Both the covariance parameterization (EEE) and the number of mixture components (3) used with the selected features subset agree with those from the model using all the variables. The final clustering confirms the structure we already discussed, in particular the two sub-varieties of Arabica coffee.

To show graphically these findings, we may project the data onto a dimension reduced subspace by using the methodology described in Scrucca (2010):

R> mod2dr <- MclustDR(mod2)
R> plot(mod2dr, what = “scatterplot”, symbols = c(“A”, “a”, “R”))

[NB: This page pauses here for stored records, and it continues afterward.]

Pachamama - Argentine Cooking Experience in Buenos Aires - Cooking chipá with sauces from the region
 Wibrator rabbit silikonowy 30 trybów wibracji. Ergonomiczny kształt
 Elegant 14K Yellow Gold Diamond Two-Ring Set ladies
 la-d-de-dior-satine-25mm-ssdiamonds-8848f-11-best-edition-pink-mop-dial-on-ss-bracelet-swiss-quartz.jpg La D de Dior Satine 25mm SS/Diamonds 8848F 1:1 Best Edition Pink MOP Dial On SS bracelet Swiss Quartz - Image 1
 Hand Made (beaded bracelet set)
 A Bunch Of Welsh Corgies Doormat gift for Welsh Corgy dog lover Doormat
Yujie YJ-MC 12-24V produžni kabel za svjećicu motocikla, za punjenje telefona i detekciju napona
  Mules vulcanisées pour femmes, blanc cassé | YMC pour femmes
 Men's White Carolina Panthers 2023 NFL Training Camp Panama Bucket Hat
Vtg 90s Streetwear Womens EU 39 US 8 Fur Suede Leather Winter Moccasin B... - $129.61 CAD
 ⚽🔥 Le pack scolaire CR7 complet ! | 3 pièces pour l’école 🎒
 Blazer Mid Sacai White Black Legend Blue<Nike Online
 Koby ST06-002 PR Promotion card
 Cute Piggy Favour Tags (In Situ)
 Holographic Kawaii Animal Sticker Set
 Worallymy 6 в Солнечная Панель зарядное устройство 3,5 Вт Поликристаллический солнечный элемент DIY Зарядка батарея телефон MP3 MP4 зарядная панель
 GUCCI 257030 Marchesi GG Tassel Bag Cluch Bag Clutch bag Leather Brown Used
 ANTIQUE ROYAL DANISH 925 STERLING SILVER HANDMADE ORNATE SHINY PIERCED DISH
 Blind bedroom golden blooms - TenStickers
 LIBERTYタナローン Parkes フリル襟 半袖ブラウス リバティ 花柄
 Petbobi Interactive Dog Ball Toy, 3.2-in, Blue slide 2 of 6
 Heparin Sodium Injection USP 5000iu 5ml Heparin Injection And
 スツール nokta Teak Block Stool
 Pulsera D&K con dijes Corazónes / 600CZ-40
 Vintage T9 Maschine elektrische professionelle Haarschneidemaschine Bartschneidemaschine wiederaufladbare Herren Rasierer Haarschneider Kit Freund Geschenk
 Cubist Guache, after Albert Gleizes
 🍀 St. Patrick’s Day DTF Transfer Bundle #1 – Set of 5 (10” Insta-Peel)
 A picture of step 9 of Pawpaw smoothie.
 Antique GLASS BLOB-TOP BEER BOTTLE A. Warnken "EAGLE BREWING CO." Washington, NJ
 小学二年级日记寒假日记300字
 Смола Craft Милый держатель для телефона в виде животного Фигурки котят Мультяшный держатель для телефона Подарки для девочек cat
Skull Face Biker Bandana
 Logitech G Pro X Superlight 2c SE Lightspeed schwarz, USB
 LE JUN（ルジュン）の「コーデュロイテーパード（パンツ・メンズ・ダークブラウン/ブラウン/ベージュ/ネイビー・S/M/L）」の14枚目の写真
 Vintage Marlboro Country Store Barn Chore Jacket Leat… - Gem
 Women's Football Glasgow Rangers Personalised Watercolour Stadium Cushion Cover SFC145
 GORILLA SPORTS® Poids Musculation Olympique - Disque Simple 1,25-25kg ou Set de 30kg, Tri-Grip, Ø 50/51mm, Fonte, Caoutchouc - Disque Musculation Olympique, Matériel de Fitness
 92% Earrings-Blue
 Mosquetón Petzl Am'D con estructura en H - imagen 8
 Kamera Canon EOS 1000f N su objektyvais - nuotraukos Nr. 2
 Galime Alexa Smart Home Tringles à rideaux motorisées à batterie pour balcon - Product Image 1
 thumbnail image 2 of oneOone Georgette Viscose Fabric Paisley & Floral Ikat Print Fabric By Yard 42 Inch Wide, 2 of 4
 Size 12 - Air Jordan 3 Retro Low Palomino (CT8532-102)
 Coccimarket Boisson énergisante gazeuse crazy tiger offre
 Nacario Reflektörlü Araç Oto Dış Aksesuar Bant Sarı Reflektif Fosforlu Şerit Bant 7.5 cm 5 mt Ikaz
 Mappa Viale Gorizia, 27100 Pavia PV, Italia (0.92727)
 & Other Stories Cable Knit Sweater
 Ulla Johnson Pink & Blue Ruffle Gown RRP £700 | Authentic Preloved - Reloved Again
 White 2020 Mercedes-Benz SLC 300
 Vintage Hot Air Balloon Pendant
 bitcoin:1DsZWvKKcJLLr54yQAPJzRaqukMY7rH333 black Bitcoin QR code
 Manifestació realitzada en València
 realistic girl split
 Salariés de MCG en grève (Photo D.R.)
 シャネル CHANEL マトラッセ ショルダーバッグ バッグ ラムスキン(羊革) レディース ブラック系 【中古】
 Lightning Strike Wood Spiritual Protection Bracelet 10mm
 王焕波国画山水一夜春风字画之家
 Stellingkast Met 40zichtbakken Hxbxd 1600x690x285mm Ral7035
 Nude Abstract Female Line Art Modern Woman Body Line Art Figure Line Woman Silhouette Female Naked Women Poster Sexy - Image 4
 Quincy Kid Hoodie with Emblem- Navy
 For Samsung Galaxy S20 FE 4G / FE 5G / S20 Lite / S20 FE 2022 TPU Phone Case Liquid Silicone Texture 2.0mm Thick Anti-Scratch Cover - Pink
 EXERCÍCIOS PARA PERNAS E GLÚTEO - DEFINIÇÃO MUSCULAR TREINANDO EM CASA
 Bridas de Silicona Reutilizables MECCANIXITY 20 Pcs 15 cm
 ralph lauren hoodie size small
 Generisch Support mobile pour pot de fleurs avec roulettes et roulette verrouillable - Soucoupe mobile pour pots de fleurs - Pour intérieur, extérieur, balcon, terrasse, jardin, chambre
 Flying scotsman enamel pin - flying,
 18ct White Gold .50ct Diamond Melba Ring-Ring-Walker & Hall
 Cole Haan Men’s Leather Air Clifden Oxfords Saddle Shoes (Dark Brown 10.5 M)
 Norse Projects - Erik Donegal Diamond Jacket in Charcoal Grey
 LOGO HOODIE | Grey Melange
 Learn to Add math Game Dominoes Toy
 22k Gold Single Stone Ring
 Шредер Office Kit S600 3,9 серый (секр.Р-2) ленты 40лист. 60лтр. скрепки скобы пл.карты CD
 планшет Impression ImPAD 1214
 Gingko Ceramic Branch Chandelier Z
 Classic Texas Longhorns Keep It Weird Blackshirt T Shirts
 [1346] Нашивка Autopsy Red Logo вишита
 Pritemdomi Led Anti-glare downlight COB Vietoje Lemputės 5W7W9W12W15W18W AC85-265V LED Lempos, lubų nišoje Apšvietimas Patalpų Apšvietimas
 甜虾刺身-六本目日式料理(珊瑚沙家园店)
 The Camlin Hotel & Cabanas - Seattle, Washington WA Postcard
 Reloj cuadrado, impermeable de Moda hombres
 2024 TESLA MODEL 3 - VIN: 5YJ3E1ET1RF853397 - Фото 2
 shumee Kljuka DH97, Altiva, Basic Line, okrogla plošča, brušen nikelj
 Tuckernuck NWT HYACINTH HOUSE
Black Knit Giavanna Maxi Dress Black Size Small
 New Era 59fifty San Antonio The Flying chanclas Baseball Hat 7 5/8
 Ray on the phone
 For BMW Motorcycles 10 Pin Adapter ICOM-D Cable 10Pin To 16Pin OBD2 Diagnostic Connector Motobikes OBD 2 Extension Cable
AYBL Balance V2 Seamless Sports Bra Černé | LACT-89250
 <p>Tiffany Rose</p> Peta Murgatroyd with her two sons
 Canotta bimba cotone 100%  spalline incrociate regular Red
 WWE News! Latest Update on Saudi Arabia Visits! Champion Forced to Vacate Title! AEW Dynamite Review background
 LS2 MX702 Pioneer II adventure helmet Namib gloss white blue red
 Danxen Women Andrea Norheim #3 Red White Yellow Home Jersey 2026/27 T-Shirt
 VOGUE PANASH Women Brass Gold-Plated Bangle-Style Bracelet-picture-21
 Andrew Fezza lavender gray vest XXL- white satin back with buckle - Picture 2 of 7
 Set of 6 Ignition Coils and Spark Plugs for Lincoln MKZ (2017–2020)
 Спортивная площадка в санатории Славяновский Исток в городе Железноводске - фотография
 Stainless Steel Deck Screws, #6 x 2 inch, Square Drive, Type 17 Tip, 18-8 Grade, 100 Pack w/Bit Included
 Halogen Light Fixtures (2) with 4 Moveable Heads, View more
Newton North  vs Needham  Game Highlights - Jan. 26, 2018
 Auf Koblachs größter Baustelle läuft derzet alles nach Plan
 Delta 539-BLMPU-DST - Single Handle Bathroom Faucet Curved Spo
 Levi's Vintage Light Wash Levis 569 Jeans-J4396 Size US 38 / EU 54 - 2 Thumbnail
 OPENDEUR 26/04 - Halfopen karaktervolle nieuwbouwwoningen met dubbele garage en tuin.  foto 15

From Figure 1 there is an evident separation between Arabica and Robusta coffee samples along the first direction. Moreover, it seems to confirm the non homogeneous group of Arabica samples, which splits in two sub-varieties along the second direction. Finally, to get an idea of computing time required by the subset selection procedure, the following code can be used:

Figure 1.

Figure 1

Projection of coffee data samples marked according to the clustering obtained from the variables selected using the forward/backward greedy search. The symbol Inline graphic indicates Robusta coffees, Inline graphic and Inline graphic the sub-varieties of Arabica coffees.

The system times (in seconds) required by the two stepwise greedy searches can be shown using the following code:

R> library(“rbenchmark”)
R> benchmark(clustvarsel(X, verbose = FALSE),
+  clustvarsel(X, direction = “backward”, verbose = FALSE),
+  columns = c(“test”, “elapsed”), order = NULL, replications = 1)
test elapsed
1 clustvarsel(X, verbose = FALSE) 8.19
2 clustvarsel(X, direction = “backward”, verbose = FALSE) 7.74

4.4. Simulated high-dimensional data

Witten and Tibshirani (2010, Section 3.3.2) discussed an example where five clustering variables are conditionally independent given the cluster memberships, whereas the remaining twenty features are simply independent standard normal variables, also independent from the clustering ones. The first five variables are distributed according to a spherical Gaussian distribution with mean μ1 = (μ, μ, …, μ), μ2 = 0, μ3 = −μ1, where μ = 1.7, and common unit standard deviation. We replicated this experiment (denoted by WT) with varying sample sizes (ng cases for each group) and for a set of different techniques.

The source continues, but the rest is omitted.